Activity. Omit the pictures while printing every entry below exactly as given.

BEGIN Records to use

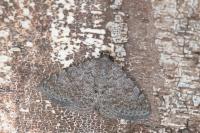 Metachrostis dardouini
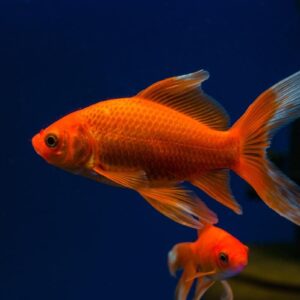 Comet Butterfly Goldfish 6.5cm
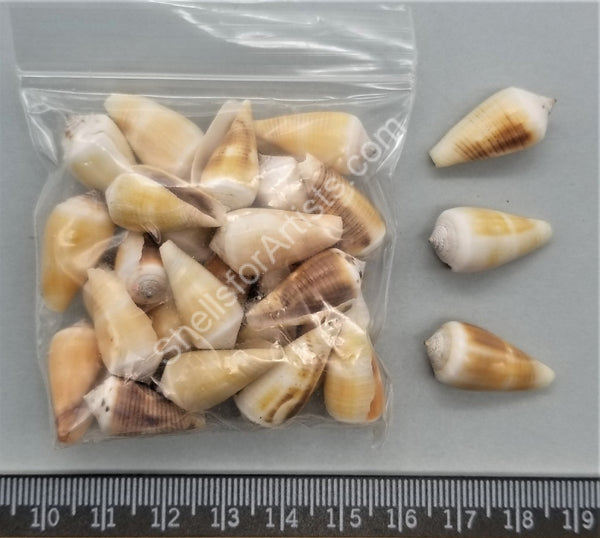 Small (10mm to 20mm) – Shells for Artists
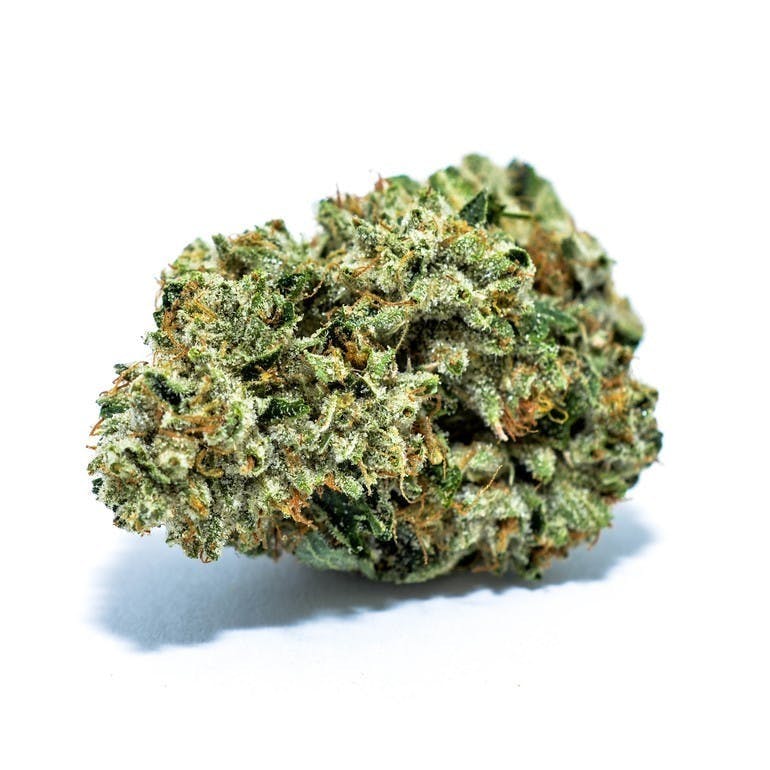 indica-louie-xiii-5for50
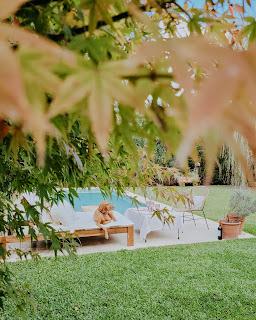 Colores de Otoño en Casa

END Records to use

Solution to the problem.
 Metachrostis dardouini
 Comet Butterfly Goldfish 6.5cm
 Small (10mm to 20mm) – Shells for Artists
 indica-louie-xiii-5for50
 Colores de Otoño en Casa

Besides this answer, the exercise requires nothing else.